The interaction of mathematical and computational modeling with practical design applications is well known for its early successes in the use and development of linear programming, and its role in logistical planning in the period around World War II. This field has grown in areas of application in the physical sciences, the social sciences, and engineering, and in the statistical analysis of the 2012 US general election by leading journalistic centers. At the same time, the subjects of mathematical modeling, computation, and software design and interfaces have evolved as well. One interesting area in physical science and engineering modeling associated with optimization modeling is its application to space engineering. This book presents a collection of such modeling applied to a wide variety of problems related to design, optimal analysis, computational fluid dynamics (CFD), and issues of optimization of payload and related problems that arise from both manned and unmanned missions by the National Aeronautics and Space Administration’s (NASA’s) International Space Station (ISS) and the European Space Agency (ESA).

The book consists of 16 chapters on applications, software development, and mathematical and numerical methods, beginning with an introductory chapter that reflects the book’s range: “Model Development and Optimization for Space Engineering: Concepts, Tools, Applications, and Perspectives.” Subsequent chapters in the first half explore topics from optimal control theory and applications, collocation methods, the flying of satellites, and software for solving nonlinear programming problems. The book also addresses the global optimization of applications using differential algebra. The second half deals with more specific applications, including mixed integer linear programming (MILP) modeling for traffic logistics at the ISS, on-board storage optimization, the design of hybrid rocket engines, and the optimization of low-energy transfers.

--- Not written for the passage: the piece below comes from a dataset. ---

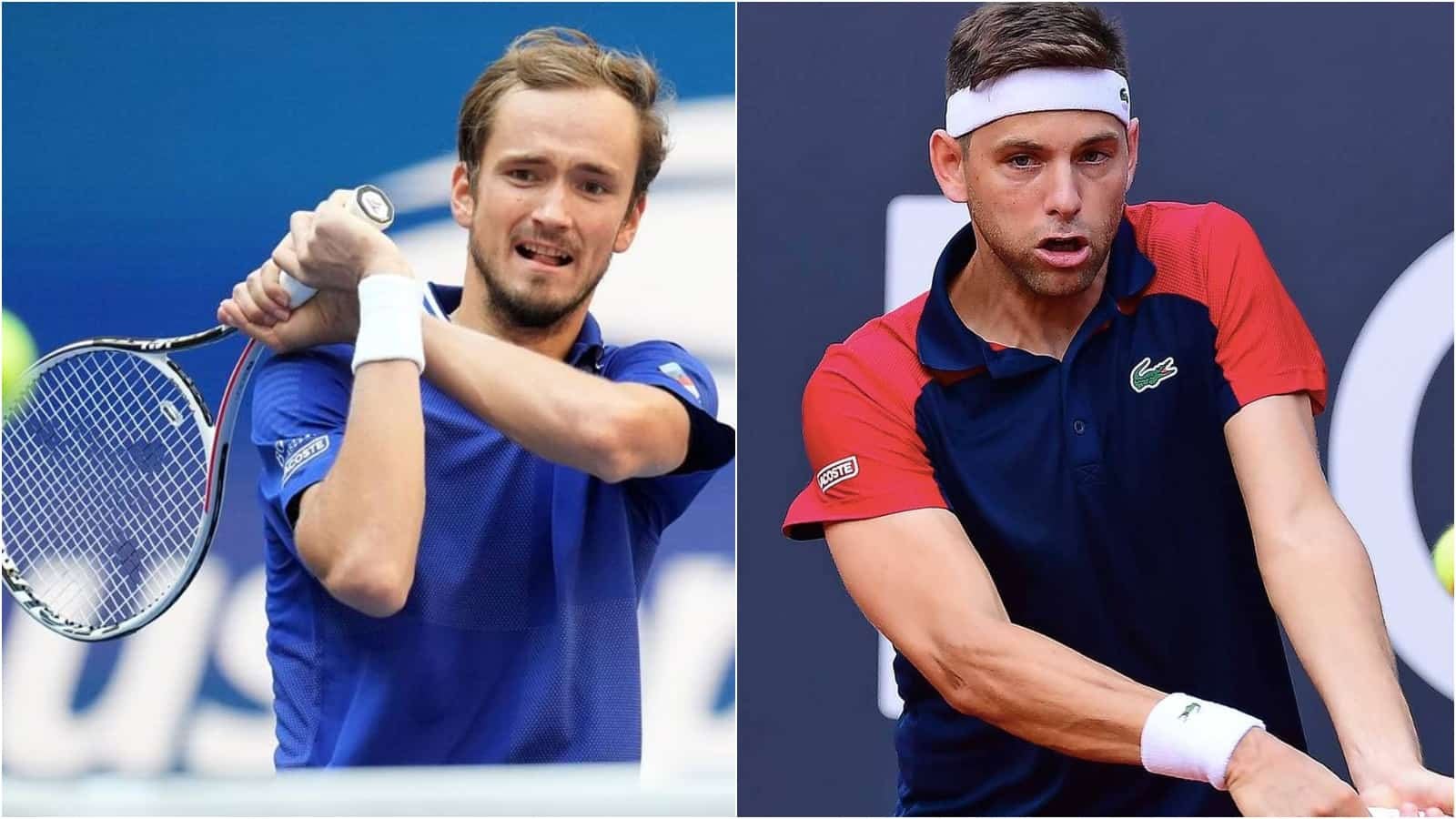 Indian Wells Masters 2021: Daniil Medvedev vs Filip Krajinovic Preview, Head to Head, Prediction and Live Stream for BNP Paribas Open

The book is not without some shortcomings. In particular, the authors use a number of acronyms that are not adequately or consistently explained. This may be in part because the reader is expected to be an engineer and thus familiar with the terminology, or it may be that copyediting was not consistently done across all the chapters.

This book is targeted at practitioners of mathematical and computational optimization methods and/or engineering applications. In this respect, the book provides a state-of-the-art contribution that covers its topics well.